Toutes les enquêtes que nous avons faites montrent leurs intérêts à monter des partenariats avec l’Education nationale [et 63% des répondants disent que leur action auprès des collèges devrait être “une mission prioritaire pour les BD”]. Mais il faut les faire sortir de l’opposition caduque entre la lecture scolaire, imposée par les profs, et la lecture plaisir en bibliothèque. Ça n'a pas de sens. Même la notion de “lecture plaisir” est contre-productive, car on lit pour découvrir quelque chose, satisfaire une curiosité, trouver une information, et le plaisir vient parce qu’on a découvert quelque chose, satisfait sa curiosité etc. Mais l’injonction à lire pour le plaisir ne peut pas fonctionner. Encore moins l’injonction à lire de la fiction : une personne peut très bien préférer la lecture d’un manuel !

Les ados sont-ils particulièrement difficile à cerner ? 
Ce n’est pas un point saillant de l’enquête.
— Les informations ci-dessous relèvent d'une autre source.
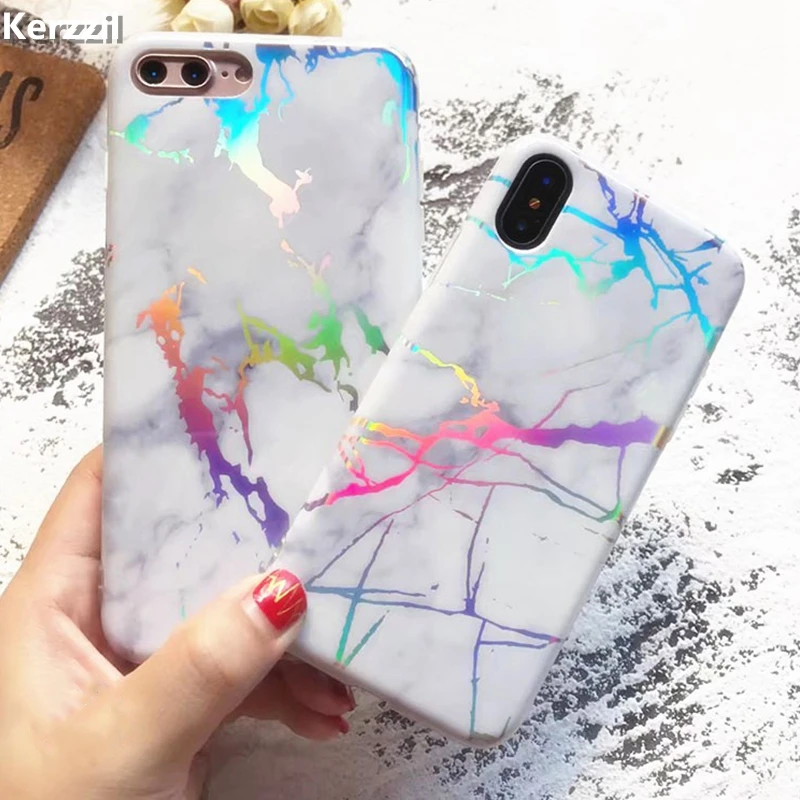 Kerzzil Laser Gold IMD мраморный чехол для iPhone 7 6 6S Plus Мягкие силиконовые чехлы Чехол X 8 Capa |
Je précise que 64% des BD qui ont répondu mènent directement des actions au sein des collèges. L’appréhension est plutôt mentionnée pour les bibliothécaires municipaux, qui accueillent directement les publics. Les adolescents sont un public complexe, difficile à capter, dont on ne connaît pas toujours les codes, qui vient en groupe… et qui est moins gratifiant que les enfants.

Quels sont les partenariats entre BD et collèges qui fonctionnent bien ?
Ce qui ne soulève pas de difficultés majeures, c’est le lien entre les BD et les réseaux de bibliothèques. avoir une organisation qui fonctionne n’est pourtant pas si évident.
Une deuxième chose qui rencontre du succès : les rencontres d’auteur. Ce sont les actions les plus courantes, organisées par 79% des répondants. Viennent ensuite les expositions thématiques, et seulement après le prêt de documents ! C’est intéressant : les BD organisent et soutiennent des animations, avant même de faire vivre des collections.

Est-ce une manière pour les BD de participer à la “mouvance” du tiers-lieu ?
Il y a peu de BD où le public peut se rendre. Son rôle est donc de rendre possible ces actions, en prêtant par exemple du matériel, du mobilier. On a l’exemple d’un CDI qui a sollicité sa BD pour devenir un tiers-lieu, avec des jeux, des banquettes, des poufs, un présentoir… Pour 20 000 euros de matériel.

Un tiers des BD ne participent jamais aux grandes manifestations jeunesse nationales comme Le Printemps des Poètes, La Nuit de la lecture, La semaine de la presse… Pourquoi ?
C’est irrégulier selon les lieux. Je pense que les actions nationales enclenchent des dynamiques, mais ce qui compte est le niveau local. La particulité des BD est de s’adapter à leurs réseaux de bibliothèques, aux territoires à un niveau très local.

Des exemples de partenariats originaux ?
Le plus original est la médiathèque-CDI, dont une porte donne sur l’école. On la ferme quand la porte qui donne sur l’extérieur s’ouvre aux autres publics. C’est un lieu familier que les jeunes retrouvent, pour le travail ou un moment convivial.
Un autre projet est de charger les ados de transporter les livres d’un établissement à l’autre. Ils ne sont pas uniquement “consommateurs” de la bibliothèque, mais ambassadeurs.